• [To do]
The expected answer is a bare count of the lines in the data below that contain "Media".

[Extracted records]
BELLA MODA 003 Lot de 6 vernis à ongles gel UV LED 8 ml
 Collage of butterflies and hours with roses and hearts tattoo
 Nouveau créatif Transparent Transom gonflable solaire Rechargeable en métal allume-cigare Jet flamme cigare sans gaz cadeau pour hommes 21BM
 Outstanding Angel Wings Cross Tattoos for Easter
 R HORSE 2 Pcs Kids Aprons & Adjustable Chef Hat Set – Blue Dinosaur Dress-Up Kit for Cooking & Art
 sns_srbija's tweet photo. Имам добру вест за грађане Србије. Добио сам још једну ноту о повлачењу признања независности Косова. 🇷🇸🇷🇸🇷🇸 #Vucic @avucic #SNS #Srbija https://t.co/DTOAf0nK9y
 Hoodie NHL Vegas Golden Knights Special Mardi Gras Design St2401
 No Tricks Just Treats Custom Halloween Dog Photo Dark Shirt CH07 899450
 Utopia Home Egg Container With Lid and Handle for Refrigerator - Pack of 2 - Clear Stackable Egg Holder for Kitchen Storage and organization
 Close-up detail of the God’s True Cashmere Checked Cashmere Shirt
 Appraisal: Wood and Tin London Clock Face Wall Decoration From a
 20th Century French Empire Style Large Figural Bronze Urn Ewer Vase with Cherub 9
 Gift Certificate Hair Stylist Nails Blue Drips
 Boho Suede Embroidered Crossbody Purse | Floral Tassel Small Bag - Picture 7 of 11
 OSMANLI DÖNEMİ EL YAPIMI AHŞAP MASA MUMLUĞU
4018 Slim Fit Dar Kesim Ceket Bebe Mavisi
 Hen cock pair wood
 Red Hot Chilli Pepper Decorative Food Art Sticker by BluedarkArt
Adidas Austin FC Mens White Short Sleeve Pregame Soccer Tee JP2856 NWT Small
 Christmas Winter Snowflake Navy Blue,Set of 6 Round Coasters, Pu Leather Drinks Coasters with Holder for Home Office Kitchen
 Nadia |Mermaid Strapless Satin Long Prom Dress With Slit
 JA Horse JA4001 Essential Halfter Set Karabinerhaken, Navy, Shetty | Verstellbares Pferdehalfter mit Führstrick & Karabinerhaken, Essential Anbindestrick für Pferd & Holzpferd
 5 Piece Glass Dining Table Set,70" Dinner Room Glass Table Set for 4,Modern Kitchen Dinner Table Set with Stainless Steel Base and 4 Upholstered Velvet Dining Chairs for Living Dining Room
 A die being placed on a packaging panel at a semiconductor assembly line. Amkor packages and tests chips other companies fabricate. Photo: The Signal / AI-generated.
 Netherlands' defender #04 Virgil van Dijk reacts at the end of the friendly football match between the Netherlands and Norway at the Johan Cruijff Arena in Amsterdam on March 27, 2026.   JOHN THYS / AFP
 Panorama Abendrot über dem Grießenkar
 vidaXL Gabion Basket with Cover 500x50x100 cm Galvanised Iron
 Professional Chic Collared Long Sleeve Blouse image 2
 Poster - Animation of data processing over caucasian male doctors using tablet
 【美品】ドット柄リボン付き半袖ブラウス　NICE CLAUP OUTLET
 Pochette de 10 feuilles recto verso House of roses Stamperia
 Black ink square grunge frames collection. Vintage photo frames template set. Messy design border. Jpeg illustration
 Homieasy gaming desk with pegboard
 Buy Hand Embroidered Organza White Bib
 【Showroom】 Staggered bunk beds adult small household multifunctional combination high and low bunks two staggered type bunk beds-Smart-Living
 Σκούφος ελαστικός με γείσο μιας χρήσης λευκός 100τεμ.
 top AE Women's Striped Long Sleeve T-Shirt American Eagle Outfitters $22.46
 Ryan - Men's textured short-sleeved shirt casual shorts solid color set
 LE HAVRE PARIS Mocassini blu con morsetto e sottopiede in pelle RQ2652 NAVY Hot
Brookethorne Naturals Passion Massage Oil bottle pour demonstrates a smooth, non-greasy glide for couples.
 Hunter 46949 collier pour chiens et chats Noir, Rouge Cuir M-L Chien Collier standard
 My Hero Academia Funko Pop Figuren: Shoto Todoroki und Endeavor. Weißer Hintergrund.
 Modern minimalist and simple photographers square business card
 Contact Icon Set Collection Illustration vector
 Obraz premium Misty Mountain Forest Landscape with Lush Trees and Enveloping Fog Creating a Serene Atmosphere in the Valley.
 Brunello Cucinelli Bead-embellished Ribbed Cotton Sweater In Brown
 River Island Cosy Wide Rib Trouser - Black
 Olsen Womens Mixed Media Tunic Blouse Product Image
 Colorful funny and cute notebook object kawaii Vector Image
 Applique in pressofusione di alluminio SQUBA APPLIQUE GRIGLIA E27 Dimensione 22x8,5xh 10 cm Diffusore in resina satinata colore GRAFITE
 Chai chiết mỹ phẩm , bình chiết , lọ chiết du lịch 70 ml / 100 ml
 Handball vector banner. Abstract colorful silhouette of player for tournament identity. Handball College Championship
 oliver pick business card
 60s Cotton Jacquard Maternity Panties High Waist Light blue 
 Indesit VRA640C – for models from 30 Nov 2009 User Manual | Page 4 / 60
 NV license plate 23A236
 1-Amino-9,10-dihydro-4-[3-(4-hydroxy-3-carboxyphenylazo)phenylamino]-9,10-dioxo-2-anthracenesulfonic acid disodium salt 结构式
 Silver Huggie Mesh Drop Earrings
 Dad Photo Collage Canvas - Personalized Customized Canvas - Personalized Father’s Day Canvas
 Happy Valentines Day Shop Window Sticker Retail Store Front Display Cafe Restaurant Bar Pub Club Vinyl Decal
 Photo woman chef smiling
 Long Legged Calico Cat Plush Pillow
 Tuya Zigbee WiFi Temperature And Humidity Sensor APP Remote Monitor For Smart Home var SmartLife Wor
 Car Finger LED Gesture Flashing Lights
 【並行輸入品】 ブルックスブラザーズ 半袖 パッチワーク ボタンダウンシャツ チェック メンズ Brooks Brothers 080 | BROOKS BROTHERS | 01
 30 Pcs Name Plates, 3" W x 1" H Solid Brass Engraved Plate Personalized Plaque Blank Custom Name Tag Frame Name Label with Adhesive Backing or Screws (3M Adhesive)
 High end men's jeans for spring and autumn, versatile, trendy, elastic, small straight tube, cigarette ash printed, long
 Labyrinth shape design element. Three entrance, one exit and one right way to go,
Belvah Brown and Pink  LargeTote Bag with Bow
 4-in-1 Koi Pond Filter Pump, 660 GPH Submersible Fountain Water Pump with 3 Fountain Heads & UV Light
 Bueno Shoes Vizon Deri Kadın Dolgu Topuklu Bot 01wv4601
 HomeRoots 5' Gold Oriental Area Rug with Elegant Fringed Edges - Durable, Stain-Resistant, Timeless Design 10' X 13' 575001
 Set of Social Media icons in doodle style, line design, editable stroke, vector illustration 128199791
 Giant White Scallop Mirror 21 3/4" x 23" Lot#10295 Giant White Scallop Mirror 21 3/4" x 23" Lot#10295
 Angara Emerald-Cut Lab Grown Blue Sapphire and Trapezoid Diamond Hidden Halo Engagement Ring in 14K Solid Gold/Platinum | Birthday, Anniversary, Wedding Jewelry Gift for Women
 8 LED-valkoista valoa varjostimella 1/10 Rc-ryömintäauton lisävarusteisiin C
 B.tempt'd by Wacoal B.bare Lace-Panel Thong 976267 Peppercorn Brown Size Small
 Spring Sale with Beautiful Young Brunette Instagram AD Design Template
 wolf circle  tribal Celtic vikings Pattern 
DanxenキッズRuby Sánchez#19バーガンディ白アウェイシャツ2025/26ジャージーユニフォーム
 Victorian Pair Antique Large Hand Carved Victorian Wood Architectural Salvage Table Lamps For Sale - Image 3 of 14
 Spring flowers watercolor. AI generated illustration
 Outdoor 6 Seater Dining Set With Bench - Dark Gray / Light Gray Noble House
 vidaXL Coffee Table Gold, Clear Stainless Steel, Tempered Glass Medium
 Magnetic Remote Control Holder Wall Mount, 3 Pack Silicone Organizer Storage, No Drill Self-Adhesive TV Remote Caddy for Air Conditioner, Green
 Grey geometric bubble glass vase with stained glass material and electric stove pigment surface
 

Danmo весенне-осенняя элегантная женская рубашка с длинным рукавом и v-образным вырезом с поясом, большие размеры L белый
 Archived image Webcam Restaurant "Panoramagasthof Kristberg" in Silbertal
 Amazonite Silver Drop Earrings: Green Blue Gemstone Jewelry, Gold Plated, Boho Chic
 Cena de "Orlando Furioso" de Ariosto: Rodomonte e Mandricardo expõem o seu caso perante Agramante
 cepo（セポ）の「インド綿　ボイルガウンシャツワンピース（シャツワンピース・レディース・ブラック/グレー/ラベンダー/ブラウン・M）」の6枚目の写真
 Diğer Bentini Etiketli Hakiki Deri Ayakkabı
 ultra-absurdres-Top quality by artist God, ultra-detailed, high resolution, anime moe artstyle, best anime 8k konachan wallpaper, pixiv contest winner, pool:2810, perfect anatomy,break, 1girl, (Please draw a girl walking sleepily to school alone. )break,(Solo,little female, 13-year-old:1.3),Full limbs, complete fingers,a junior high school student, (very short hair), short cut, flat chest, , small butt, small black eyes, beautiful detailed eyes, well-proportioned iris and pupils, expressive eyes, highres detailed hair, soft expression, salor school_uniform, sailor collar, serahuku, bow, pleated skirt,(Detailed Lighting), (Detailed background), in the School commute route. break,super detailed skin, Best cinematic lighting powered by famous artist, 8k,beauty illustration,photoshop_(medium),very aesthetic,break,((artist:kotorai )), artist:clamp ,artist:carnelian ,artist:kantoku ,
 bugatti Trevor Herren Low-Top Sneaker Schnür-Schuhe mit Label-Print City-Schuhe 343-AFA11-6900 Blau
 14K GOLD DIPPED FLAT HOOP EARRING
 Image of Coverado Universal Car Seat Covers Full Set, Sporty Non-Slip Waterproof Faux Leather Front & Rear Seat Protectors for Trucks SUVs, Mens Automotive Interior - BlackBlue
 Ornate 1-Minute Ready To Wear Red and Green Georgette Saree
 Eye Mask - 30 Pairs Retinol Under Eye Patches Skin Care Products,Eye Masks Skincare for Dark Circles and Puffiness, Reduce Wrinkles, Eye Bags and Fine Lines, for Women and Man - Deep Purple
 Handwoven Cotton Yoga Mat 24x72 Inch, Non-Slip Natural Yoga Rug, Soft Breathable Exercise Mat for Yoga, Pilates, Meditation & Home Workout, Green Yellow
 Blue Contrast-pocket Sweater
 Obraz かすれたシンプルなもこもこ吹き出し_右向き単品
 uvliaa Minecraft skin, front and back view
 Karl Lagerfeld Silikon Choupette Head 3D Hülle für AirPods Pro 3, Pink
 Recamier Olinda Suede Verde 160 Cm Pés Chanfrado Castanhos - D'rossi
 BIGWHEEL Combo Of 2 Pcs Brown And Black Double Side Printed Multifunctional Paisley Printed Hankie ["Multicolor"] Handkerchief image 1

• [Solution for this problem]
2